In the 50 years since the creation of packet networking, computers and their attachments have become cheap, ubiquitous commodities. The connectivity offered by the Internet and low storage costs enable access to a staggering amount of new content—500EB were created in 2008 alone.7 People value the Internet for what content it contains, but communication is still in terms of where.

We see a number of issues that affect users arising from this incompatibility between models.

  • Availability: Fast, reliable content access requires awkward, pre-planned, application-specific mechanisms like CDNs and P2P networks, and/or imposes excessive bandwidth costs.
  • Security: Trust in content is easily misplaced, relying on untrustworthy location and connection information.
  • Location-dependence: Mapping content to host locations complicates configuration as well as implementation of network services.

The direct, unified way to solve these problems is to replace where with what. Host-to-host conversations are a networking abstraction chosen to fit the problems of the 1960s. We argue that named data is a better abstraction for today's communication problems than named hosts. We introduce Content-Centric Networking (CCN), a communications architecture built on named data. CCN has no notion of host at its lowest level—a packet "address" names content, not location. However, we preserve the design decisions that make TCP/IP simple, robust, and scalable.

Figure 1 compares the IP and CCN protocol stacks. Most layers of the stack reflect bilateral agreements; e.g., a layer 2 framing protocol is an agreement between the two ends of a physical link and a layer 4 transport protocol is an agreement between some producer and consumer. The only layer that requires universal agreement is layer 3, the network layer. Much of IP's success is due to the simplicity of its network layer (the IP packet—the thin "waist" of the stack) and the weak demands it makes on layer 2, namely: stateless, unreliable, unordered, best-effort delivery. CCN's network layer (Section 3) is similar to IP's and makes fewer demands on layer 2, giving it many of the same attractive properties. Additionally, CCN can be layered over anything, including IP itself.

CCN departs from IP in a number of critical ways. Two of these, strategy and security, are shown as new layers in its protocol stack. CCN can take maximum advantage of multiple simultaneous connectivities (e.g., ethernet and 3G and bluetooth and 802.11) due to its simpler relationship with layer 2. The strategy layer (Section 3.3) makes the fine-grained, dynamic optimization choices needed to best exploit multiple connectivities under changing conditions.
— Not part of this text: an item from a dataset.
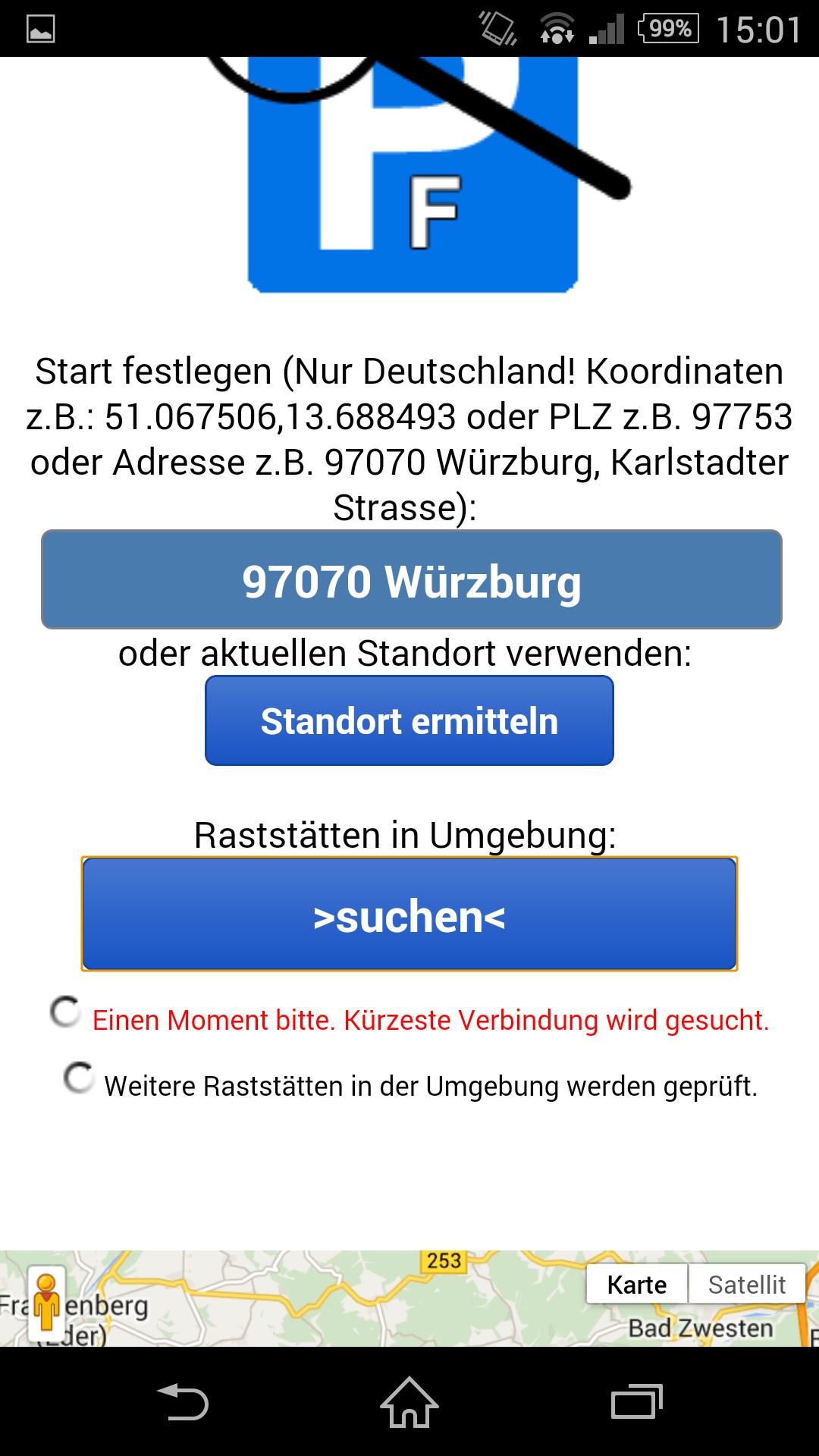 LKW Parkplatzfinder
CCN secures content itself (Section 4), rather than the connections over which it travels, thereby avoiding many of the host-based vulnerabilities that plague IP networking.

Back to Top

2. CCN Node Model

CCN communication is driven by the consumers of data. There are two CCN packet types, Interest and Data (Figure 2). A consumer asks for content by broadcasting its Interest over all available interfaces. Any node hearing the Interest and having data that satisfies it can respond with a Data packet (content chunk). Data is transmitted only in response to an Interest and consumes that Interest.a Since both Interest and Data identify the content chunks being exchanged by name, multiple nodes interested in the same content can share transmissions over a broadcast medium using standard multicast suppression techniques.3

Data "satisfies" an Interest if the ContentName (CCN name) in the Interest packet is a prefix of the ContentName in the Data packet. CCN names are opaque, binary objects composed of a (explicitly identified) sequence of components (see Figure 3). Names are typically hierarchical, so this prefix match is equivalent to saying that the Data packet is in the name subtree specified by the Interest packet (see Section 3.2). IP uses this convention to resolve the (net, subnet, host) hierarchical structure of IP addresses and experience has shown it allows for efficient, distributed hierarchical aggregation of routing and forwarding state while allowing for fast lookups.b One implication of this matching is that Interests may be received for content that does not yet exist—allowing a publisher to generate that content on the fly in response to a particular query. Such active names allow CCN to transparently support a mix of statically cached and dynamically generated content, as is common in today's Web. Name prefixes may also be context-dependent such as /ThisRoom/projector to exchange information with the display projector in the current room or /Local/Friends to exchange information with any friends in the local (e.g., broadcast) environment.c

The basic operation of a CCN node is very similar to an IP node: A packet arrives on a face, a longest-match look-up is done on its name, and then an action is performed based on the result of that lookup.d The core CCN packet forwarding engine has three main data structures: the FIB (Forwarding Information Base), ContentStore (buffer memory), and PIT (Pending Interest Table).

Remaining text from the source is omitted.